Rodrigo y Gabriela perform for 9,000 people at Red Rocks
(this image from R&G’s Facebook photos, all others are mine)
A couple years ago we attended the first Outside Lands Festival in Golden Gate Park in San Francisco. We had picked up a good spot at one of the side stages and we enjoying our time away from the chaos of the main stages. Exhausted by even the mere mention of venturing back into the sea of people, I declined the invitation to go check out Rodrigo y Gabriela by one of my friends. To be honest, I had never even heard of Rodrigo y Gabriela and it just didn’t sound like something I would be interested in.
Last Friday night I made up for that mistake by taking my wife to sit 3rd row for this incredible duo at Red Rocks. If you are like me a few years back and have never heard of Rodrigo Sánchez and Gabriela Quintero, then you are missing out…and are probably in the minority now. Ever since they released their last album, 11:11 (a tribute to 11 artists that most influenced them), they seem to be everywhere. Music festivals, late night talk shows and now headlining their largest show to date…a sold-out crowd of 9,000 people at the famous Red Rocks Amphitheatre. And I have to say, I doubt there is a better place in the world to experience their brand of fast, rhythmic acoustic music.
3rd row at Red Rocks is a completely different experience. It is one of those venues that always feels intimate because you feel like you’re sharing an amazing space with the artist, good friends and nature. But from the 3rd row, it really is about the artist and the rock backdrop. And Friday night’s show utilized that rock background better than any other artist I have seen there. Black and white projections of the artists, long dark shadows against the red rocks and no screen or lights to hide the natural beauty.
Australian artist, Xavier Rudd, opened the night with the band Izintaba. I am not familiar with most of Xavier‘s work, but his Jack Johnson meets Paul Simon style backed by Izintaba, gave the set a Rusted Root feel. They were the perfect opener for what was to come.
When Rodrigo y Gabriela took the stage I had a slight fear that I would get bored watching two people with guitars perform a full set. But those fears vanished as soon as they started playing. I became entranced in Gabriela‘s hand movements from the very beginning.

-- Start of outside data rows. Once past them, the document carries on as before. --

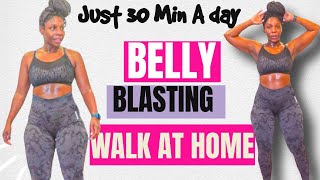 DO THIS EVERY MORNING TO BLAST BELLY FAT 30 MIN INDOOR WALK AB FOCUSED BODY FOR DAYS CHALLENGE [upl. by Anerol]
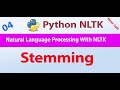 04 - Stemming | Natural Language Processing Tutorials For Beginners | NLTK Tutorials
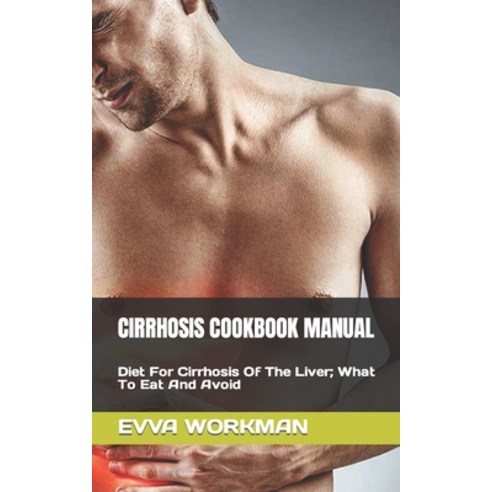 (영문도서) Cirrhosis Cookbook Manual: Diet For Cirrhosis Of The Liver; What To Eat And Avoid Paperback, Independently Published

Her fingers plunk the string of her guitar so fast that they become a blur of flesh, almost like she was born without bones in her wrist. The only time I have ever seen anything like it was when I saw Joanna Newsom open for Björk. Joanna’s fingers move the same way across her harp. The only time Gabriela’s hands slow down are when she slaps and pounds on the guitar causing bass to ripple through the amphitheatre…causing you to actually feel the music as it thump, thump, thumps through your body.
Rodrigo is a talent all his own as well. While Gabriela stole my attention as well as my heart…Rodrigo impressed with a solo that ended with Cliff Burton‘s intro to Whiplash. You might not expect Metallica from a duo from Mexico City who got their start in Ireland, but they both used to play in thrash bands and metal has been a huge influence. They also performed Orion from Master of Puppets.

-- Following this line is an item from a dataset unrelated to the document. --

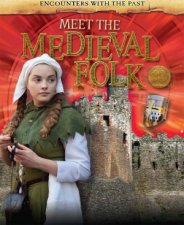 Encounters with the Past Meet the Medieval Folk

I would be lying if I said that the original songs did not start bleeding into each other. We started to get a little antsy as the night went on and had a hard time discerning one song from another, but they alleviated this problem with 3 guests. The first was Shankar, a violinist who had influenced both Rodrigo and Gabriela and who added a whole new dimension to the show. Watching the 3 of them perform was almost spiritual and I couldn’t help but think that performances like this are what Red Rocks was made for.
The second guest was Zack de la Rocha from Rage Against the Machine. Zack was there for one reason and one reason only…to speak out against the Arizona immigration law. Luckily, they continued to jam while he was speaking, making the soapbox speech bearable. And although I do agree with what Zack was saying, I’m glad he rewarded us for listening by performing a rendition of Bomb Track! The timing was perfect and really woke the audience up and got them ready for the rest of the show.
Toward the end of the night they brought out the last guest, the latin jazz artist Al Di Meola. This was about 11:30pm or so and his mellow performance was great but it had been a long day and night and it was time for us to go. We walked out around 11:45 and called it a night. While I can’t claim this was my favorite show of the year, it was one of my best nights at Red Rocks…a night where I saw some of the purest, raw talent I have seen in a long time.